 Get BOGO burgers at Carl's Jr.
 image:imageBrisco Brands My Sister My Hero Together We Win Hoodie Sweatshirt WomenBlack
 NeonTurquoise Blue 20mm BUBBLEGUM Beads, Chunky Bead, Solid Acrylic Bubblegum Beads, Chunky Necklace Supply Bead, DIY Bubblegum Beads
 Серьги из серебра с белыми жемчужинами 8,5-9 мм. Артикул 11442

◆ ◆ ◆ ◆ ◆

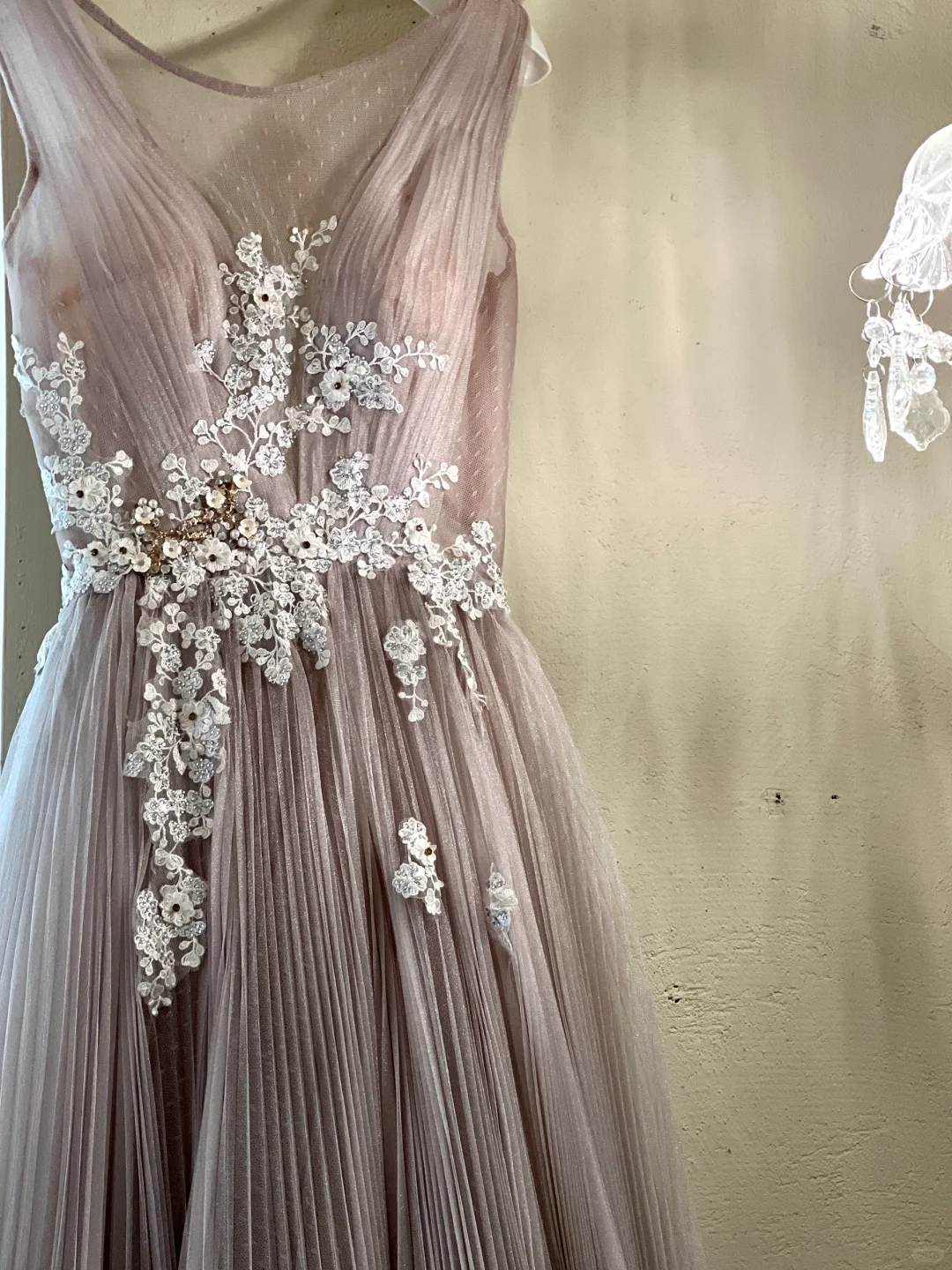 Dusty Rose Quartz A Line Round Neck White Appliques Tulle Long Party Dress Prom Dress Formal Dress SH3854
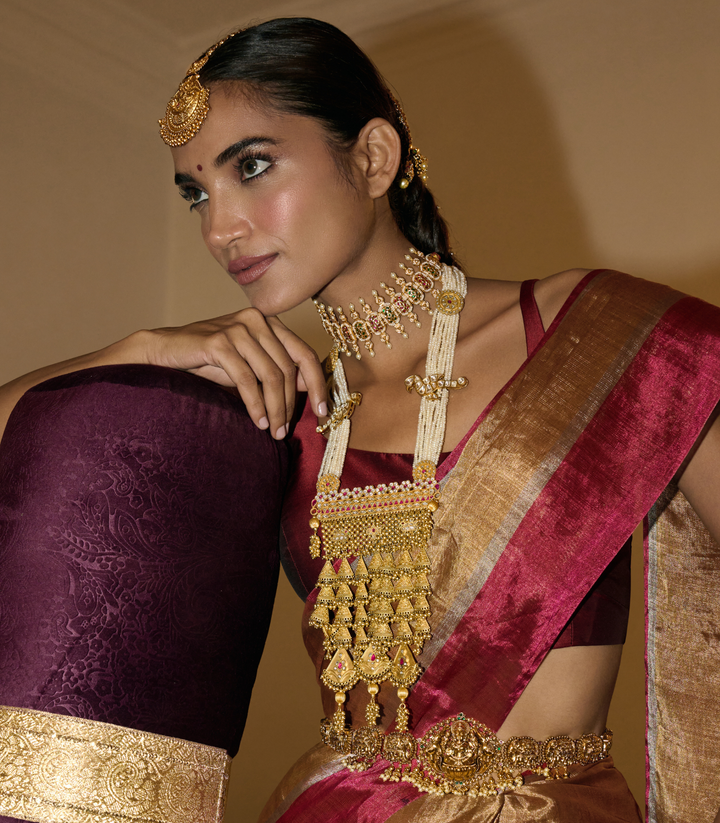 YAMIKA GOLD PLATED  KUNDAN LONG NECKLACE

◆ ◆ ◆ ◆ ◆

Only one stretch of the entries above is wanted: the lines from the one containing "NeonTurquoise Blue 20mm" through the one containing "Серьги из серебра". Please reproduce it exactly.

 NeonTurquoise Blue 20mm BUBBLEGUM Beads, Chunky Bead, Solid Acrylic Bubblegum Beads, Chunky Necklace Supply Bead, DIY Bubblegum Beads
 Серьги из серебра с белыми жемчужинами 8,5-9 мм. Артикул 11442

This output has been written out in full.